The definition of time travel is the action of progressing through time into the past or future. Its significance presents itself diversely between Hitchhiker's Guide to The Galaxy, Slaughterhouse-5 and Travel by Wire. All of them introduce the idea of the scientific principles of Einstein's Theory of Relativity, particularly Hermann Minkowski's theories in regards to Special Relativity. He presented a geometric interpretation of special relativity known as the Minkowski space. This theory states that time is a three-dimensional location within the universe. All three written pieces apply some form of his theory in creative techniques to tell their stories.
Time travel is a considerable part of the plot devices for all these stories. They all use time as an illusory construct of three-dimensional space by providing characters the ability to relocate from one place to another in space and time, but not always for the same ends. Hitchhiker's Guide to the Galaxy presents us with a variant of this, by simultaneously traveling through what they call points in hyperspace. In hyperspace, they traverse every conceivable aspect of space-time by getting to their destination almost instantaneously with an engine called the Infinite Improbability Drive, but it comes at a price. Moving through every position alters their material form momentarily, and composes them in complicated versions of themselves as they cross parallel dimensions until they eventually reach normality. Sometimes this is advantageous to them, like when they were evading missiles, and they transformed them into a whale and a potted plant, but most of the time they describe it as an awkward feeling. For instance, in one portion, Ford shifts into a penguin body, and Arthur's arms and legs drop off. In comparison,
Slaughterhouse-5 utilizes time travel to cross between several periods of Billy's life to present a complete chronicle of his experience. He is unstuck and can go back and forth between moments of his history or even to a dome out in space within a microsecond. Vonnegut chose to tell Billy's story in this manner to explain that a whole person is not a static personality going through linear events. Instead, they are a dynamically flowing compilation of moments within the continuum of space-time. Characters can be different personalities in multiple instances. When someone can perceive all of the details of another person's life, they can have a balanced and accurate understanding of precisely who they are. In Travel by Wire, the author takes a humorous approach to travel by using it to send things, animals, and people to distant locations by transmitting them through a wired receiver, making regular travel antiquated.

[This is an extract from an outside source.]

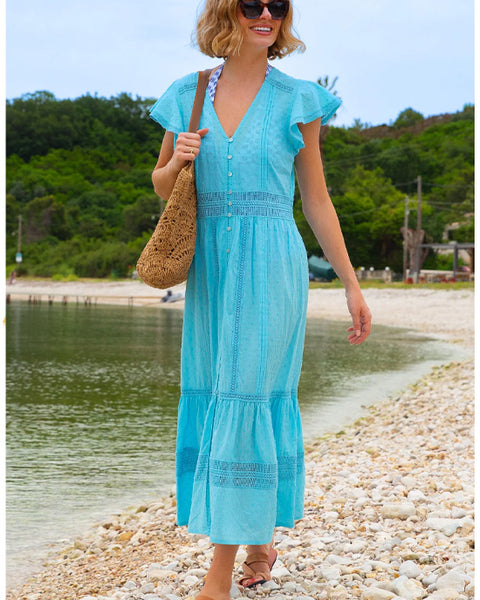 Nyla Organic Cotton Beach Kaftan Turquoise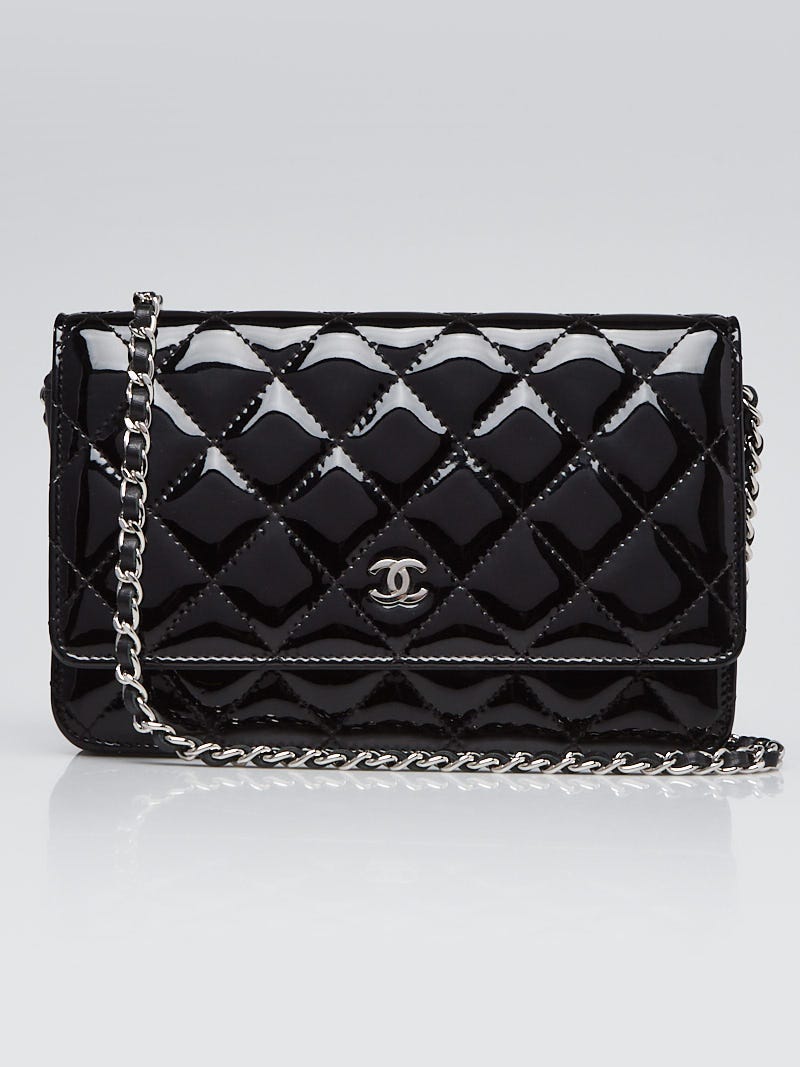 chanel patent wallet on chain black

The theme of death in conjunction with time travel is prominent in two of these stories. In Slaughterhouse-5 the Tralmafadore aliens inform Billy that every period of existence is concurrently occurring, so death is only one tiny bit of a person's life within their reality. The aliens explain that no one truly perishes, even though there is a moment that they expire, they nevertheless exist in another time in which they are also alive, and so it goes. The aliens grant him this knowledge so that he may feel less melancholic concerning all the deaths in his life. He perceives this viewpoint as enlightening, and it attracts notoriety for him. He regards it as a contribution he can give society, and wants to inform everyone about it. He is confident that the civilization would be more content with this essential understanding. In Travel by Wire, while satirical, the description of traveling in time gives us a feeling of wary caution. When people in this story move by the wire machine, not everyone arrives out the opposite side entirely identical corporally or even breathing. Death in this scenario plays upon the reader's worries and is related to the concern of using advanced technology. It is so dangerous that at the end, the inventor of the machine states he would never travel in this fashion and favors the more well-built method of traveling by plane.
While all three use the principles of time travel, they use them to illustrate various concepts. Traveling through the continuum to get to a location is merely one way in which all of these tales employ time travel, it can further be applied to explain the entire extent of a person's existence. Death is also used philosophically in conjunction with time travel to give continuity to living or caution against advanced technology. All three of these writers related time travel imaginatively in diverse ways to present us with a better insight of their characters and their experiences.
 Minkowski, Hermann. "Space and Time." Annual Reports of the German Mathematical Society. A Lecture delivered before the Natural Scientists' Meeting at Cologne, 21 Sept. 1908, Cologne - (21st September, 1908)., Germany, en.wikipedia.org/wiki/Minkowski_space#CITEREFMinkowski1907%E2%80%931909.